Background Facts and Procedural History
Interdom serves as a sort of shipping intermediary. In this
role, Interdom arranges for the transportation (including by
rail) of commodities for clients, who include various carriers
and direct shippers. As part of that process, Interdom entered
into a series of agreements with BNSF. This case involves the
provision in those agreements where Interdom agreed to indemnify
BNSF for damage “proximately caused by or resulting from” failure
to comply with BNSF’s requirements or from failure to load and
brace the cargo properly, unless caused by BNSF’s sole
negligence.
On January 17, 2001, a BNSF train carrying a load of steel
coils, among other items, derailed near Loder, Oklahoma.

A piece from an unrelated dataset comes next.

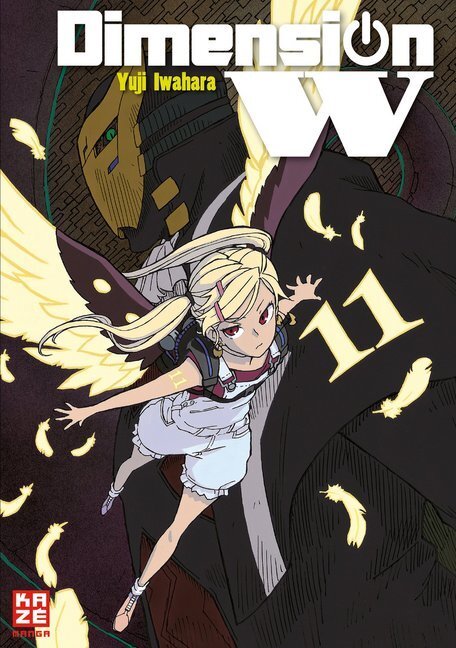 Cover: 9782889219186 | Dimension W 11 | Yuji Iwahara | Taschenbuch | 2017 | Kazé Manga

Interdom had arranged for the transportation of this load. The
parties appear to agree that, because of an improper description
from another company, Interdom was not aware that the containers
it was transporting contained steel coils. The parties also
agree that, under their contracts, steel coils required different
handling from other kinds of cargo and that special bracing
procedures for steel coils were not used in this case. In fact,
the insufficiency of the framework that supported the coils has
2
been cited, particularly by BNSF, as one possible cause of the
derailment.
Following the derailment and repair, BNSF sued Interdom in
the Northern District of Texas. In the suit, BNSF claimed that
the indemnification provisions in the agreements required
Interdom to pay for all the damage from the derailment. BNSF’s
complaint also included claims for breach of contract,
negligence, and negligent misrepresentation. Interdom filed
third-party claims against Columbus Line, Inc., the company that
provided the incorrect description, which in turn filed third-
party claims against four other companies. On November 6, 2003,
BNSF moved for summary judgment on its indemnity claims against
Interdom.
The district court granted BNSF’s motion for summary
judgment, finding that Interdom’s liability was established
because the parties’ experts “do not rule out the improper
loading of the coils and the mislabeling of the shipment as
proximate causes of the derailment.” The district court also
concluded that BNSF had established the amount of its damages.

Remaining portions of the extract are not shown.